No local, vivem cerca de 16 pessoas, entre elas, crianças pequenas. À noite, a falta de iluminação deixa a área completamente no escuro, e dificulta ainda mais a rotina da família. Segundo o filho, o problema também compromete o acesso à comunicação e a possibilidade de socorro em caso de emergência. “Se alguém passar mal aqui, a gente não tem nem como ligar para pedir ajuda”, relatou.
A falta de luz também interfere diretamente na segurança e no conforto do pai do pedreiro dentro de casa.

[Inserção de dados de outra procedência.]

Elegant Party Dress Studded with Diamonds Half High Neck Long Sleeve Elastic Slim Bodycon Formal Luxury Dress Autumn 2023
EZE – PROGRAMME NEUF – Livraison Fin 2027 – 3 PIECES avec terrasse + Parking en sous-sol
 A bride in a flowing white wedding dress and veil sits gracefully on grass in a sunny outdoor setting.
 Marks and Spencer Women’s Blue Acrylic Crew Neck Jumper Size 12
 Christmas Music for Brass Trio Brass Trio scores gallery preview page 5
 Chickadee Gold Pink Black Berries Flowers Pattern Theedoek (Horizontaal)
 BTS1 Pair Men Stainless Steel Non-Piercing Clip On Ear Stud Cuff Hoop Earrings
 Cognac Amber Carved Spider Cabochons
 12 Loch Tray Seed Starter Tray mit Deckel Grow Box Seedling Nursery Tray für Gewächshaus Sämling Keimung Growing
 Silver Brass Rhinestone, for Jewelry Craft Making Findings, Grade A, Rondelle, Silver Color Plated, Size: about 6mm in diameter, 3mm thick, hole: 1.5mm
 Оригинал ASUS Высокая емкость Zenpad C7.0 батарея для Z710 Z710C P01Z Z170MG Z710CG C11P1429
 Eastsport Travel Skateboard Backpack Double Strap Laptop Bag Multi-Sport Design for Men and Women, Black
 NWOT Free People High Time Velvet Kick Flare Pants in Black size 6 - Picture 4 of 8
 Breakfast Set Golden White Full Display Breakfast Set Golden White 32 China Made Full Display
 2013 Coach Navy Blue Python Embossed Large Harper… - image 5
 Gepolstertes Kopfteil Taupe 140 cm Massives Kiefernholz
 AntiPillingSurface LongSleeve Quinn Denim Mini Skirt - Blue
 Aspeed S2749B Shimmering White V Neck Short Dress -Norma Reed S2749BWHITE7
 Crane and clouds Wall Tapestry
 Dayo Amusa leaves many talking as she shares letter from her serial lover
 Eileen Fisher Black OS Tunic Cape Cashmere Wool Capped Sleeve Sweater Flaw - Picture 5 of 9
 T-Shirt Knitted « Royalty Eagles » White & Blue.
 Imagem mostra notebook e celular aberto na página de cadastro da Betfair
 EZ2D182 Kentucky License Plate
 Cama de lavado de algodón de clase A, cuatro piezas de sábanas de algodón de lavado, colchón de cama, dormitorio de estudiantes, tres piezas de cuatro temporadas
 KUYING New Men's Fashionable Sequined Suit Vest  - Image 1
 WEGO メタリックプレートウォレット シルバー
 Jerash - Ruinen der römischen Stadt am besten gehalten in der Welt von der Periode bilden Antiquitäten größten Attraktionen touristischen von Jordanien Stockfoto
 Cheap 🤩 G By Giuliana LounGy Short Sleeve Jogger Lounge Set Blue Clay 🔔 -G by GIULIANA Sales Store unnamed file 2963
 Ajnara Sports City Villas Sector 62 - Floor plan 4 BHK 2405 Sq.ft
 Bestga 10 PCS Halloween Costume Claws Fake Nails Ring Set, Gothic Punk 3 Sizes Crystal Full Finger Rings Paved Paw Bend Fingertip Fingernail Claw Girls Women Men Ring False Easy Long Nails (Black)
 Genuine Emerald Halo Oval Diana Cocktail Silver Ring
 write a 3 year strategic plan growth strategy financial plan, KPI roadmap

Com mobilidade reduzida, ele depende de iluminação adequada para evitar quedas. À noite, a família busca não acender velas no interior do imóvel por receio de acidentes, o que obriga o filho e os demais moradores a realizar os cuidados quase no escuro.
A situação enfrentada pela família se repete em diferentes bairros do Grande ABC desde a passagem de um ciclone extratropical pelo Estado na quarta-feira (10). De acordo com Inmet (Instituto Nacional de Meteorologia), as rajadas de vento chegaram a 98 km/h e provocaram a queda de árvores e danos severos à rede elétrica.
NÚMEROS
Até as 20h de sexta-feira (12), milhares de moradores ainda estavam sem energia na região. Segundo dados da Enel Distribuição São Paulo, São Bernardo concentrava 43.396 imóveis impactados. Em Santo André, eram 16.085 clientes; em Diadema, 11.940; em São Caetano, 4.612; em Mauá, 2.566; em Ribeirão Pires, 2.204; e em Rio Grande da Serra, 425.
Na Rua Coronel Seabra, em Santo André, a assistente social aposentada Maria do Carmo Ribeiro, 71, afirmou que moradores de parte do quarteirão se encontravam havia cerca de 58 horas sem energia, enquanto vias próximas já estavam com o serviço restabelecido. Segundo ela, a interrupção ocorreu após a queda de uma árvore sobre uma residência e levou ao desligamento preventivo da rede elétrica.
A moradora contou que, mesmo após a retirada da árvore com apoio da Prefeitura, o trecho onde vive não teve a energia religada. “Vieram dois caminhões da Enel, ficaram o dia todo esperando a limpeza terminar e, quando religaram, nosso pedaço ficou de fora”, relatou. Maria disse já ter registrado ao menos cinco protocolos junto à concessionária, sem retorno sobre a situação.
Ela afirmou ter perdido alimentos armazenados no freezer e também o receio de que eletrodomésticos sejam danificados quando o fornecimento for retomado. Segundo a moradora, técnicos estiveram no local, mas não apresentaram explicações sobre o motivo de a rua continuar sem energia.
Na Estrada do Rio Acima, também em São Bernardo, a administradora Tatiana Bomfim, 47, relatou que as interrupções no fornecimento são frequentes, mesmo em dias sem chuva ou vento. De acordo com ela, desde a entrada da Enel, o bairro passou a registrar quedas constantes de energia. “Meu freezer já descongelou. Perdi toda a comida que iria até o Natal”, afirmou.
Tatiana destacou que a principal dificuldade enfrentada pelos moradores da região, neste terceiro dia sem fornecimento de energia, é a falta de água. A maioria das casas utiliza poços, que dependem da eletricidade para funcionar. “Tem gente sem água para beber ou cozinhar. Não é só banho, é sobrevivência”, disse.
Em nota lançada nesta sexta-feira, a Enel Distribuição São Paulo informou que já restabeleceu o fornecimento de energia para cerca de 1,8 milhão de clientes, dos 2,2 milhões afetados pelo ciclone extratropical em sua área de concessão.
A empresa afirmou ainda que, ao longo do dia seguinte ao evento, cerca de 500 mil novos chamados foram registrados em razão da continuidade dos ventos.